* _Recorded information_
•••

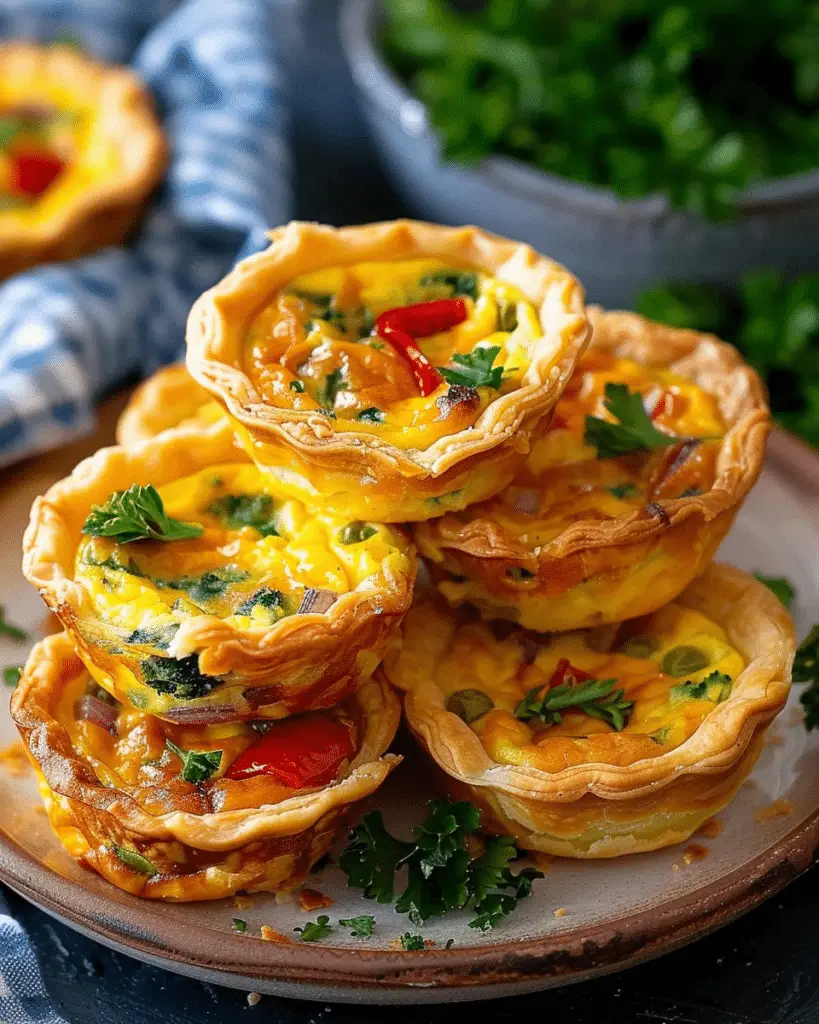 Mini Quiche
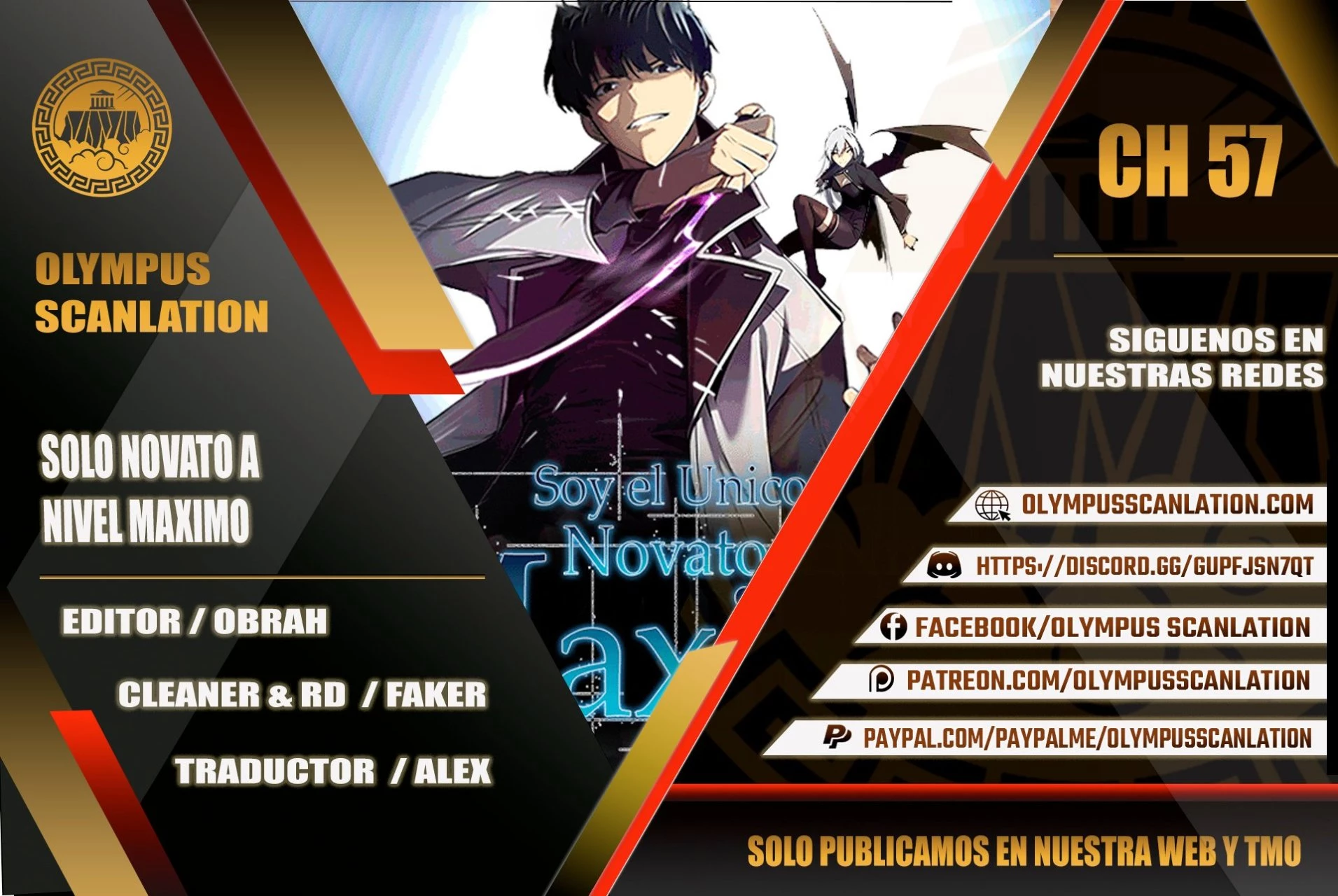 Read Novato Solo a Nivel Maximo ES Manga Online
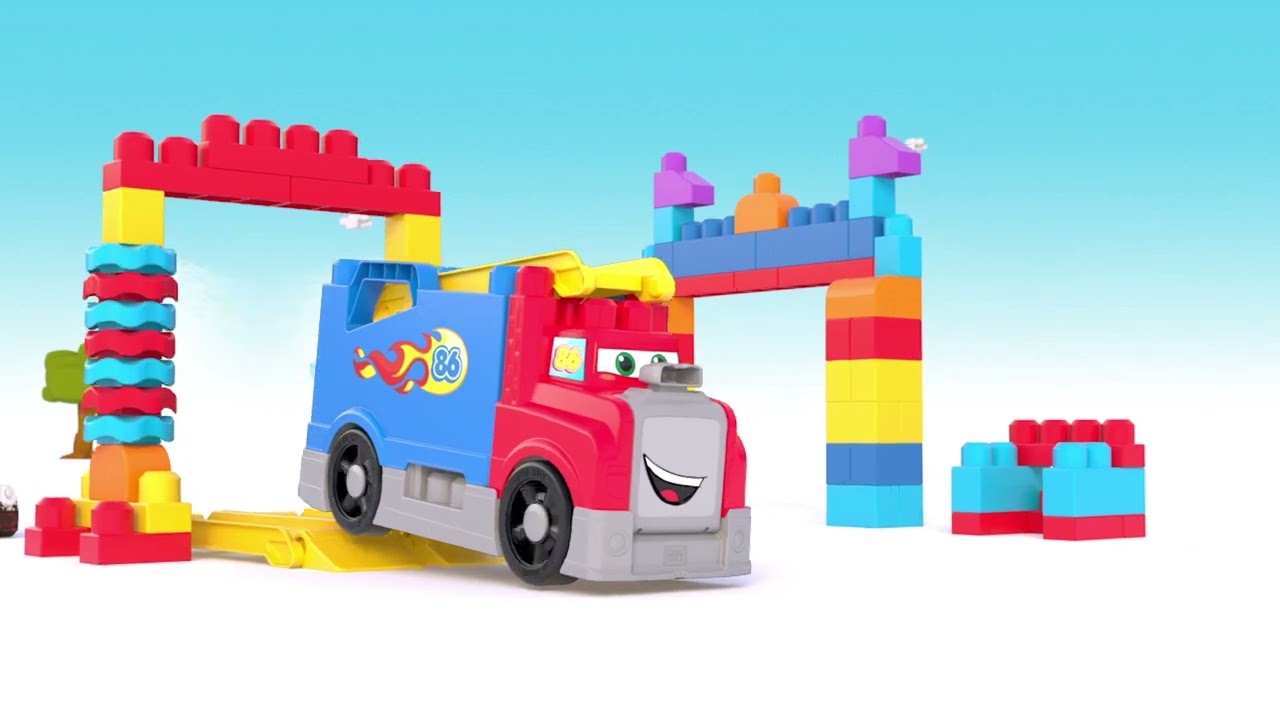 Corredores de carrera patas arriba  | Dibujos animados | MEGA BLOKS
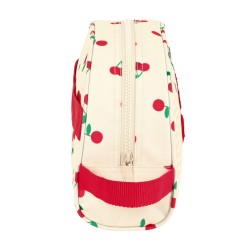 Trousse de Toilette Safta Cherry Beige (28 x 18 x 10 cm)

•••

* _Work required_
Extract all the data above exactly, excluding every picture.

* _Expected output_
 Mini Quiche
 Read Novato Solo a Nivel Maximo ES Manga Online
 Corredores de carrera patas arriba  | Dibujos animados | MEGA BLOKS
 Trousse de Toilette Safta Cherry Beige (28 x 18 x 10 cm)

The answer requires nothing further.